I stared at that parking page for a while. I hit my refresh button a few times. And then panic set in.
"It's gone? Gone?"
I eventually learned that a misunderstanding between me and a sales person at my hosting company had caused them to delete my entire site.
The next morning, my mother called. The stock market was dropping and predicted to fall more than 1000 points. She wanted me to convince her that life was worth living.
"I think I need you to convince me," I said glumly.
I mean, don't get me wrong. My mother potentially losing her entire life savings in the year she hopes to retire is much scarier than me losing a website. But still! I couldn't help but feel as if everything I'd worked so hard to achieve during these past few months was all for naught.
I knew what I had to do, though. It involved a three pronged approach. I needed to:
1) Fix the problem
2) Keep myself positive by joking about it with other people
3) Put some karma bucks in the bank account. Aparently I was low. Perhaps I my karma account had a negative balance?
So I called my hosting company. I talked with various technical people, including the STS Moderator Pup. I wrote about my sorry self here and at other discussion boards. I heard from lots and lots of people. They provided me with the songs they listened to when they felt frustrated. They made jokes. They all offered to go to my site and read every day once it was up again. After I read such emails, I was glowing from all the loving that people were sending my way.
But it wasn't until yesterday that I did the most important thing. I took the focus off myself and put it on helping someone else. At a coffee shop, I ran into a new mother. I asked her how she was doing. She sat down, put her face in her hands, and cried.
"I'm sorry," she said between sobs.
"Don't be," I said. "I've been there. Babies are hard. Really hard."
As she cried, I told her about the day my daughter had cried for 8 hours straight, and how I'd bitten my husband's head off when he'd come home and asked, "Why didn't you feed the dog? And what's for dinner?" I told her that I'd broken down and cried, telling him that I was a terrible mother, that having a baby had been a huge mistake, and that I could not do it anymore.
She took her head out of her hands and looked at me. Tears still streamed down her face, but I could tell she felt better. She knew she was not alone. She knew she was not a terrible mother.
"You need help," I told her gently.
We talked. We talked about the hardest time of day for her. I offered to take her baby off her hands during those times. I encouraged her to ask for help from others.
"I know it's hard to ask for help," I told her. "I never did it, but I should have. Sometimes I think back to those early days of parenthood and I'm just thankful to be alive. There were days when I seriously condsidered driving my car into a telephone pole. Don't let yourself get to that point. Parenthood is hard. Every mom knows that. There is not a single mother you know who has not been to this breaking point. Let other mothers help you."

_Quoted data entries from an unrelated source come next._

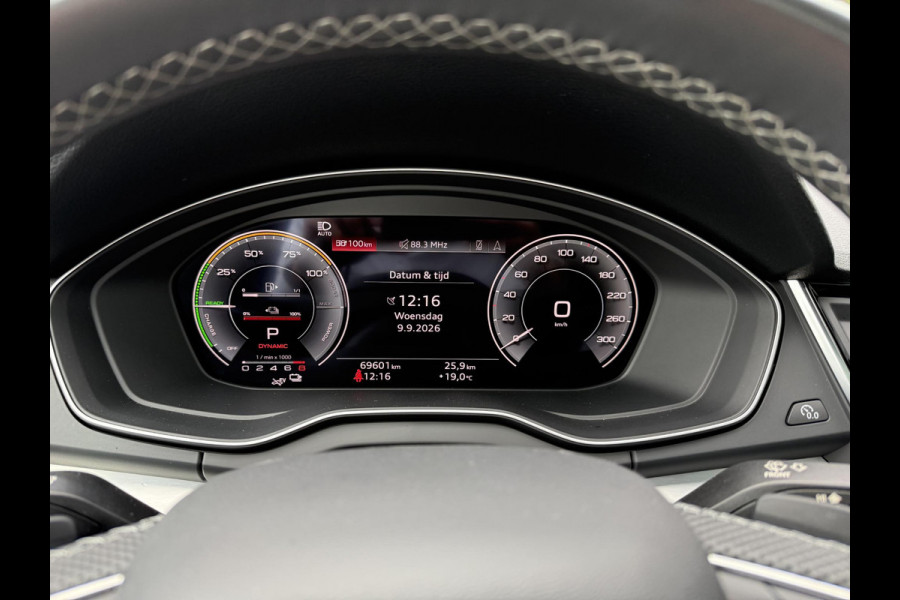 Audi Q5 55 TFSI e S edition PHEV| VAN: 48.900,- VOOR: 44.877,- UW HERFSTVOORDEEL: 4.023,- S-LINE BINNEN + BUITEN |LUCHTVERING| ELEKTRISCHE TREKHAAK| 360 CAMERA| PANO| DODE HOEK SENSOR| ELEK. STOELEN | MATRIX| RECENT NOG ONDERHOUD GEHAD|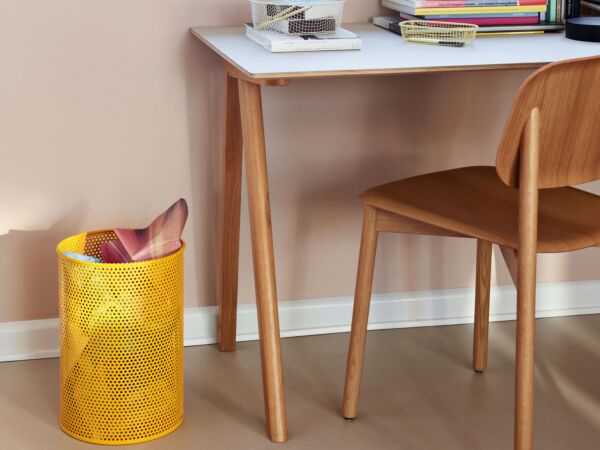 5_Perforated Bin M yellow_CPH 90 Desk_Soft Edge 12.jpg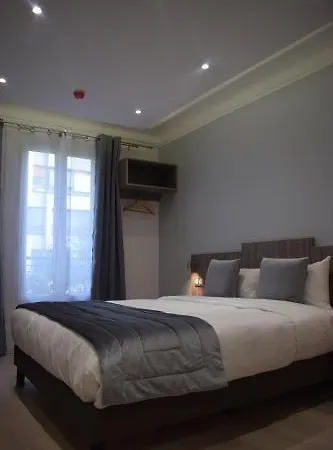 Hotel Puy De Dome 3*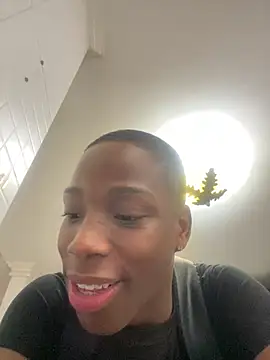 Snapshot of CharlesBrown_ chatting on May 7, 12:19 pm CharlesBrown online show from May 7, 12:19 pm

She promised that she would.
We hugged and then parted ways. Suddenly, my website seemed so inconsequential. It also seemed so easy to solve.
And so now, four days after the day my website got deleted, it's now back. I lost one post, but I can resurrect it. Mostly, I feel thankful. The loss of my site taught me so much about myself, my dreams, and life in general. It forced me to see what was important, and what was not. It encouraged me to try harder to reach my dreams, but, at that same time, not obsess about how hard I am trying.
Most important, it got me out of the house so I could reach out to someone who had a much greater need than I.